I’ve said it before and I’ll say it again – I’m learning so many things in this journey with Mason’s medical needs. Before my son I had never met a child with Spina Bifida, with hydrocephalus, or with clubfeet. At least not that I can remember. Now I’m being immersed in entirely new worlds of terminology, medical professionals, treatments, and challenges. Today I’m going to share what I’ve learned about how we’ll treat Mason’s clubfeet.
What is Clubfoot?
In the womb a child’s foot or feet form normally but somewhere around the third month the affected foot/feet begin to turn inward/downward. Both of Mason’s feet are affected, as you can see in this photo:
What are treatment options today?
In short: surgery or casting with subsequent bracing. The most effective and least invasive method is called the Ponseti Method of casting, and this is what we are pursuing for Mason.
What is the Ponseti Method?
A qualified doctor manipulates the foot into position and a cast is placed from hip to toes, holding the foot in position. The earlier this is begun the better because the bones and feet of a newborn are flexible. After a series of casts the child uses a brace to continue treatment. The Ponseti website for parents is here.
What is the general plan for Mason?
At this point we think Mason will have new casts placed every week for 6 weeks, with the last cast staying on for up to 3 weeks. Then Mason will get a foot abduction brace that looks like this:
It is made of an adjustable length aluminum bar with adjustable footplates onto which shoes attach. Typically, the shoes are set at 60-70 degrees of external rotation and 10-15 degrees of dorsiflexion. The shoes are straight last, meaning there is no curvature, so they can go on either foot.

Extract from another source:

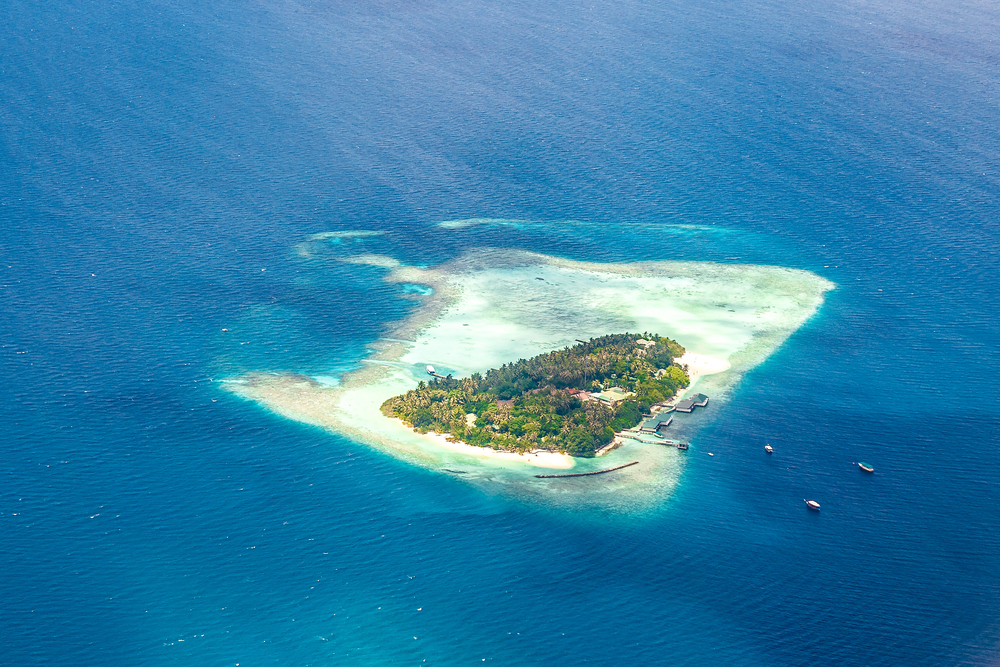 Maldives atoll resort view from airplane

Mason will wear the brace 23 hours a day for the first 3 months. We will then work down to 16 hours per day, and about 12-14 hours per day when he turns 1 year old. At this point he’ll mostly be sleeping when the brace is on and free of the brace during the day. Mason will continue wearing the brace until he is 4-5 years old, which really surprised me. I had not expected it to be such a long treatment process but a child’s feet can relapse if the bracing is not done for the correct amount of time. Each year the brace is worn drops the chance of a relapse by a whole lot!
What I’m Grateful For:
Lots of things, but in relation to Mason’s clubfeet treatment I’m most grateful for the following:
- Living within an hour’s drive of a very experienced orthopedics doctor who has used the Ponseti method successfully for years. Our travel time could be so much longer.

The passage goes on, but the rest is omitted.